Many of these marketing words are nonsense and mean absolutely nothing, such as artisan, handcrafted, fresh, clean, or wholesome.  You could buy a Big Mac, throw it on a paper plate and pour ice cream sprinkles on top and sell it as an "Fresh, Handcrafted Artisan Hamburger With Clean, Wholesome Ingredients" without breaking a single food labeling guideline.

Some marketing terms are technically true, but are just new ways to describe the same thing you've been eating for years.  The word "antioxidants" is the main one that comes to mind.  If a food meets the minimum requirements for the amount of Vitamins A, C, E, and/or beta-carotene, presto!  Now it's suddenly "rich in antioxidants".  Another claim like this is "Made With Whole Grains".  Put a teaspoon of whole grain flour into a vat of other, cheaper ingredients and congratulations - your product is now "made with whole grains".  That is what I first suspected after I tried the new Wagyu Steakhouse Burgers from Arby's.

The Arby's website describes the Wagyu Deluxe Burger as:

"A wagyu blended burger topped with American cheese, shredded lettuce,tomato,
pickles, red onion and a special burger sauce on a toasted buttery brioche bun."

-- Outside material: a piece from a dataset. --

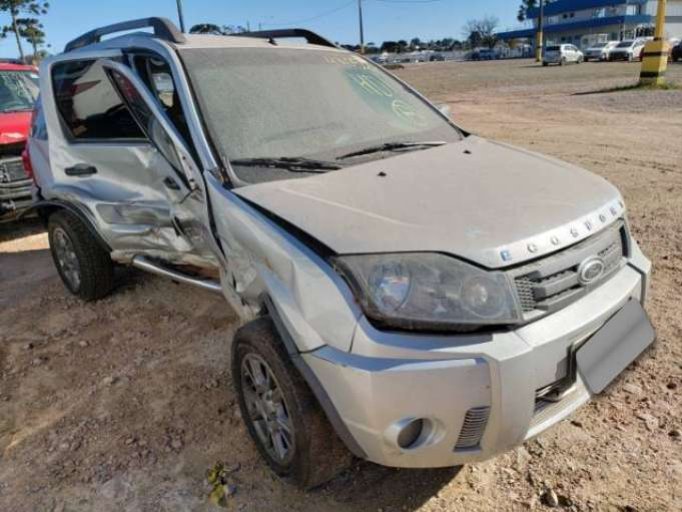 FORD ECOSPORT 12/12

The first silly marketing buzzwords I saw were "toasted buttery brioche bun".  It's bread.  Just bread.  There's no significant taste difference between this bun and the cheapest generic hamburger bun you're likely to find at your local grocery store.  I am fully aware that some of the people who just read that sentence are already adjusting their glasses on their nose and frantically Googling so that they can say "well, technically, a Brioche Bun has blah, blah blah, yackety, schmackety doo", but your taste buds don't taste "technically".  They taste plain white bread that's holding your burger in place.

But the most striking buzzwords are the ones that are fairly new to the American fast food scene; so new that it inspired me to try this burger because I haven't had time to grow cynical towards them yet.

It's Wagyu... AND it's from a steakhouse?

Well, slap my ass and call me Wolfgang Puck, I've got to try this fancy burger!

So, off to the local Arby's I went, without even so much as googling the word "Wagyu" or noticing that the product description calls it a "Wagyu blended burger".

As it turned out, the fine print of this limited time burger explains that it's made from a blend of 52% American Wagyu and 48% ground beef.  Alright, so there's more truth to the Wagyu claim than the companies that put "made with whole grains" on their package, but still, when a product contains just a smidgen over 50% of what you've named it, you're not exactly going to win a trophy for truth in advertising.  Imagine if I sold you a BMW and it was built with 52% authentic BMW parts, with the other 48% made up of the cheapest things that I could find.

Also, take note of the fact that the name of the product conveniently leaves off the word "American".  That's because authentic Wagyu beef is Japanese.  You can read more about the differences between authentic Japanese Wagyu and American Wagyu at Wagyuman.com, but if you don't have time to go through the whole article, the key takeaway is the statement that "American Wagyu is an imitation at best".

There's more than a little bit of bullshit going on here with the name of this product, but I guess I can't expect them to call it a "Half Imitation Wagyu, Half Ground Beef, Drive Thru Fast Food Burger" when they can legally call it a Wagyu Steakhouse Burger.

For what it's worth, it really is a very tasty burger.  It's not going to change your life or anything, but it's better than a Big Mac or a Whopper, and more like the kind of burger that you'd get at a good roadside diner than a fast food meal.  I guess I can't blame Arby's for bending the truth with the name of the product to get people to come in and try it.  After all, it worked.